• _What you have to do_:
From the line containing "Dancers in traditional" down to the last line of the records below, give every line again without any change.

• _Data in this exercise_:
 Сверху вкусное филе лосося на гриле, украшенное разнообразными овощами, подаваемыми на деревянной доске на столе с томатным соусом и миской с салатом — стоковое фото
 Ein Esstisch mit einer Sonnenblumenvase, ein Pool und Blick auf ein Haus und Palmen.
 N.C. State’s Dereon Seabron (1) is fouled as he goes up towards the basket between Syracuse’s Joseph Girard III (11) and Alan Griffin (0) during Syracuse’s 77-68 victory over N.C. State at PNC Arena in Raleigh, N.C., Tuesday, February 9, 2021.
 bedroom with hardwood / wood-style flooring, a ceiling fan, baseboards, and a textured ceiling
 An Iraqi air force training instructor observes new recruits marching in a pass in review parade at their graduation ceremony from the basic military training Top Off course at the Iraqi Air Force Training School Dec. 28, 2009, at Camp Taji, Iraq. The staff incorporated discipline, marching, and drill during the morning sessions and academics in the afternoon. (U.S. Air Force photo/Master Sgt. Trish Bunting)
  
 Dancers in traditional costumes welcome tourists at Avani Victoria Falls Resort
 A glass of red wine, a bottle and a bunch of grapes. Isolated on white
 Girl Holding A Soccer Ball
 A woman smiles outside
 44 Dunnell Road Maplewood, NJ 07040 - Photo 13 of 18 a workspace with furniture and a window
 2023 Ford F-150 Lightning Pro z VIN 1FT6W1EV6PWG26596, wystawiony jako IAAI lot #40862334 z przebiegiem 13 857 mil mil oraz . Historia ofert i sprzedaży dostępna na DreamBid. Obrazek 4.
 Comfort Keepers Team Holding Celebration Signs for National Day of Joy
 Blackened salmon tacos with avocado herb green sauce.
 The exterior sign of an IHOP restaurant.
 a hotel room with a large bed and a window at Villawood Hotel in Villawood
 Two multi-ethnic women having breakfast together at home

• _Solution for this problem_:
 Dancers in traditional costumes welcome tourists at Avani Victoria Falls Resort
 A glass of red wine, a bottle and a bunch of grapes. Isolated on white
 Girl Holding A Soccer Ball
 A woman smiles outside
 44 Dunnell Road Maplewood, NJ 07040 - Photo 13 of 18 a workspace with furniture and a window
 2023 Ford F-150 Lightning Pro z VIN 1FT6W1EV6PWG26596, wystawiony jako IAAI lot #40862334 z przebiegiem 13 857 mil mil oraz . Historia ofert i sprzedaży dostępna na DreamBid. Obrazek 4.
 Comfort Keepers Team Holding Celebration Signs for National Day of Joy
 Blackened salmon tacos with avocado herb green sauce.
 The exterior sign of an IHOP restaurant.
 a hotel room with a large bed and a window at Villawood Hotel in Villawood
 Two multi-ethnic women having breakfast together at home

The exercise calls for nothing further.